Talk about data being separate from programs always reminds me what a good job Microsoft did with the spacial filesystem (that means one folder is one window, and they remember their location), single-document interface (a UI paradigm) and COM (a cross-process communication system). As a novice user not understanding a whole lot about the system, your documents were in the operating system and not in a specific program (this still wasn't perfect and a lot of new users did think their documents were in programs, which might be why we gave that up) and those programs could talk to each other and embed each other's documents.

This stuff probably seemed moderately innovative if you didn't grow up with it, seemed blindingly obvious if you did grow up with it, and somehow, like idiots, we've managed to lose it again!

> this still wasn't perfect and a lot of new users did think their documents were in programs, which might be why we gave that up

To this day there exist office workers—ones old enough that no, it's not because the were introduced to computers via smartphones—who use a computer for hours every single weekday day but get totally turned around in a file manager, and don't know even the extreme basics like how to copy and move files.

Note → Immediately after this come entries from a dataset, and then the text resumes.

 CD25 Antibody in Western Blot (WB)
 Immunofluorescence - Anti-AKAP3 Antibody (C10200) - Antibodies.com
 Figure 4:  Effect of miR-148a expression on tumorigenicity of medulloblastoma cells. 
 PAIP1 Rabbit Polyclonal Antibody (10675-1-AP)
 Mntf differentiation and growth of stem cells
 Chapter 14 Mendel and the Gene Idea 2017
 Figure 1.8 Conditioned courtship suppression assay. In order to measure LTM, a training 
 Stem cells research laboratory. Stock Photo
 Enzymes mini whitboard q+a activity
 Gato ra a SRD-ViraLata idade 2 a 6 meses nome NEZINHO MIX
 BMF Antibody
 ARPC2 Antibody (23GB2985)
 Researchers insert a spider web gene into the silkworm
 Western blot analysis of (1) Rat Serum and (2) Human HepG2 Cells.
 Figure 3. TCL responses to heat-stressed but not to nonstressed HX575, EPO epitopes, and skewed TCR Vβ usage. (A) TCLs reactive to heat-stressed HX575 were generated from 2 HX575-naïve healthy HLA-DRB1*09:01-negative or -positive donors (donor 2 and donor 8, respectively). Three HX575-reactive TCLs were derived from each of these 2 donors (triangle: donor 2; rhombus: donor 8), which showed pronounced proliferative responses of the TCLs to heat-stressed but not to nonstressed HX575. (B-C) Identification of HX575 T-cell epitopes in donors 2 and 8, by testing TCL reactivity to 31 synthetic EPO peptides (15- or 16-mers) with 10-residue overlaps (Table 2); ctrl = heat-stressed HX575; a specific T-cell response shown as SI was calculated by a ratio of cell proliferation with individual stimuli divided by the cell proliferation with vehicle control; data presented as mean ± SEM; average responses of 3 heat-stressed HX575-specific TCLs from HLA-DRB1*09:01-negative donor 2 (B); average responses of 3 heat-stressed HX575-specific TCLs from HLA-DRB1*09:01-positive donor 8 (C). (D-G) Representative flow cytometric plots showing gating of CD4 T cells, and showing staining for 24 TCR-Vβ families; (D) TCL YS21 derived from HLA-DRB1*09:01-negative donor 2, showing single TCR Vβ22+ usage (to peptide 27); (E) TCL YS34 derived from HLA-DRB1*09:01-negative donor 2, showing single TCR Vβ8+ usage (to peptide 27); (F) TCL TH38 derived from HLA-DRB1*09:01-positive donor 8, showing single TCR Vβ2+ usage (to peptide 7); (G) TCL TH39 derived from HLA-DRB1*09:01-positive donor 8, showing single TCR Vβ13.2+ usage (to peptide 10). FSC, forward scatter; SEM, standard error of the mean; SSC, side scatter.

There are offices full of such folks, in non-tech offices, where the person who knows how to sort-of use a GUI file manager is the "computer whiz" they go to with questions.

The "files and folders" hierarchical tree model for a file system is one where I wonder about the limits or effectiveness of the skeuomorphism approach to convey such a concept. If you're coming from a place where information was generally held and organized on paper, it _should_ be natural that you can group files within a container like a folder, and the kind of folder the iconography showed should be able to contain sub-folders.

While many did pick up on the idea, where were the shortcomings? Were the early graphics not enough to build the mental link. Was it the common grid view of icons. Was it the icon being an abstract thing you needed to open to see the contents instead of looking at it directly (as previews on the icon which came later), was it things opening in separate windows. It's not as though other more visually 'rich' methods to show a file system such as 3D or animated took off.

There's also the modern version that gets brought up occasionally where people who are using devices with mobile instead of desktop OSes apparently don't know how to work with file systems to manage data, and presumably they'd have even less exposure to the physical paper concept that inspired it.

OLE objects are just FAT like filesystems; nothing too disimilar to Unix if it mounted disk images with text files and different images with it in order to create a document format.